We had neighbors on either side of our house, but we never saw or heard them in winter. Both my parents, especially my mother, loved this arrangement. Hunkering down around the wood-burning stove in the dead of winter surrounded by their own children was an idyllic experience for them. My feelings were exactly opposite. For me, this rural, tucked-in existence was a form of involuntary confinement. In October, I started feeling claustrophobic and by the time the first snows started falling, I was suffocating. School was really the only time I got to go out at all and, for that reason alone, I was fanatic about not missing it. My school attendance record would have been near perfect, in fact, were it not for my parents. They believed that we went to school entirely too much and needed more frequent breaks than we got.
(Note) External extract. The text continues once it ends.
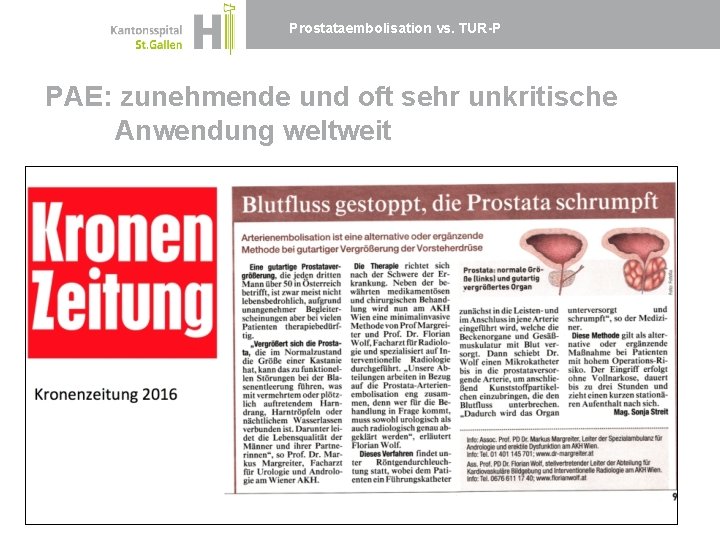 Prostataembolisation vs. TUR-P PAE: zunehmende und oft sehr unkritische Anwendung weltweit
“Why don't you and Maya stay home tomorrow?” my mother would say. “It's below zero and Daddy thinks you could use a day off.”
“I'll miss my homework,” I'd say, or, “I have a test,” but neither parent bought these as excuses. I was always ahead of my schoolwork and never brought home anything lower than a B on my report card. This they knew. When I refused to capitulate, though, my mother sometimes got sneaky, turning off my alarm so that I'd simply oversleep and have to stay home. When I woke up anyway and went to school, she actually got angry.
I started to feel trapped at home and said so on more than one occasion. This was definitely a term that didn't go over very well with my parents. Both my mother and father told me regularly that I had a selfish attitude, that I was unwilling to be a giving part of the family, that they were working their asses off for me and that all I did was complain.